Stack Overflow bans users en masse for rebelling against OpenAI partnership — users banned for deleting answers to prevent them being used to train ChatGPT

misk@sopuli.xyz · 2 years ago

Stack Overflow bans users en masse for rebelling against OpenAI partnership — users banned for deleting answers to prevent them being used to train ChatGPT

schnurrito@discuss.tchncs.de · 2 years ago

Messages that people post on Stack Exchange sites are literally licensed CC-BY-SA, the whole point of which is to enable them to be shared and used by anyone for any purpose. One of the purposes of such a license is to make sure knowledge is preserved by allowing everyone to make and share copies.

9point6@lemmy.world · 2 years ago

Share Alike

I can’t wait to download my own version of the latest gpt model

bbuez@lemmy.world · 2 years ago

It does help to know what those funny letters mean.
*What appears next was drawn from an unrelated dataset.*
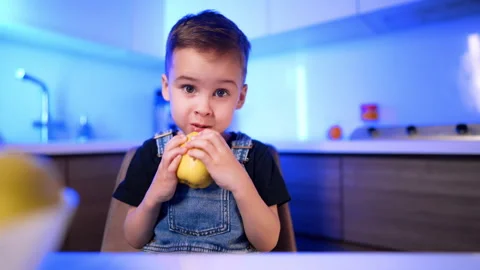 Young boy taking a bite of yellow apple. A child holds fresh fruit with both Stock Footage 342573928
Now we wait for regulators to catch up…

/tangent

If anything, we’re a very long way from anything close to intelligent, OpenAI (and subsequently MS, being publicly traded) sold investors on the pretense that LLMs are close to being “AGI” and now more and more data is necessary to achieving that.

If you know the internet, you know there’s a lot of garbage. I for one can’t wait for garbage-in garbage-out to start taking its toll.
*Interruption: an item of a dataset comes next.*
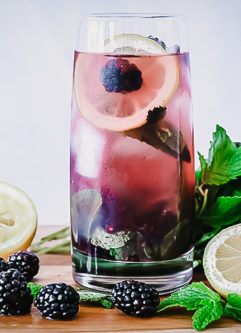 A glass of boozy blackberry lemonade on a cutting board with fresh fruit.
Also I’m surprised how well open source models have shaped up, its certainly worth a look. I occasionally use a local model for “brainstorming” in the loosest terms, as I generally know what I’m expecting, but it’s sometimes helpful to read tasks laid out. Also comfort in that nothing even need leave my network, and even in a pinch I got some answers when my network was offline.
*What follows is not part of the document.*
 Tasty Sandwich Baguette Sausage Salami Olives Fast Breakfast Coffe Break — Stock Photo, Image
It gives a little hope while corps get to blatantly violate copyright while having wielding it so heavily, that advancements have been so great in open source.

kerrigan778@lemmy.world · 2 years ago

That license would require chatgpt to provide attribution every time it used training data of anyone there and also would require every output using that training data to be placed under the same license. This would actually legally prevent anything chatgpt created even in part using this training data from being closed source. Assuming they obviously aren’t planning on doing that this is massively shitting on the concept of licensing.

JohnEdwa@sopuli.xyz · 2 years ago

CC attribution doesn’t require you to necessarily have the credits immediately with the content, but it would result in one of the world’s longest web pages as it would need to have the name of the poster and a link to every single comment they used as training data, and stack overflow has roughly 60 million questions and answers combined.

fruitycoder@sh.itjust.works · 2 years ago

IF its outputs are considered derivative works.

theherk@lemmy.world · 2 years ago

Maybe but I don’t think that is well tested legally yet. For instance, I’ve learned things from there, but when I share some knowledge I don’t attribute it to all the underlying sources of my knowledge. If, on the other hand, I shared a quote or copypasta from there I’d be compelled to do so I suppose.

I’m just not sure how neural networks will be treated in this regard. I assume they’ll conveniently claim that they can’t tie answers directly to underpinning training data.